Response: We consider that Discussion should be focused on early stages of laryngeal tumorigenesis and cancer risk assessment in laryngeal precancerous lesions (i.e. dysplasia) according to the study aim and purpose. Regarding the molecular changes that accompany laryngeal carcinomas at an early or advanced stage, this information is interesting, but beyond the topic of the study. For clarity the term ‘early’ was consistently used along the text to refer to early tumorigenesis, before malignant transformation to laryngeal carcinoma occurs.

Methods
The methodology is misplaced. It should be before Discussion segment
Response: Methods section was moved to the end of manuscript (immediately after the Discussion), according to IJMS guidelines and following IJMS manuscript template structure. This change was recommended by Reviewer #2.
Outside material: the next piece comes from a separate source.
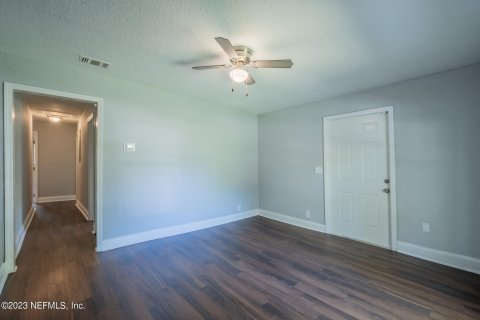 Villa ou maison à vendre à Jacksonville, Floride: 4 chambres, 128.86 m2 № 889531 - photo 6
Addition of the flow chart /figures summarizing the methodology will enhance the manuscript
Response: We thank the reviewer for this insightful recommendation. Please note that a graphical abstract was newly uploaded alongside our first revised version of the manuscript. Our purpose was to provide a clear and informative illustration to summarize our study, the methodology used and the most relevant findings. Nevertheless, following the reviewer’s suggestion, we have created a flow chart to specifically depict the methodological steps (new Supplementary Figure S4).

References

References list is still suboptimal!
Response: We wonder whether the reviewer could argue more precisely why references are still considered suboptimal. This would be very helpful for us to adequately address this issue. The reference list was already enriched by including 16 additional references after the first revision of the manuscript, according to the recommendations made by Reviewer #1 and Reviewer #2. These new references are closely related to the subject, and hence appropriate and with added value for the Discussion. In fact, both reviewers
were completely satisfied with the extended version of Discussion and References in the revised manuscript. Please note that this new version includes additional references according to the new changes made, as requested.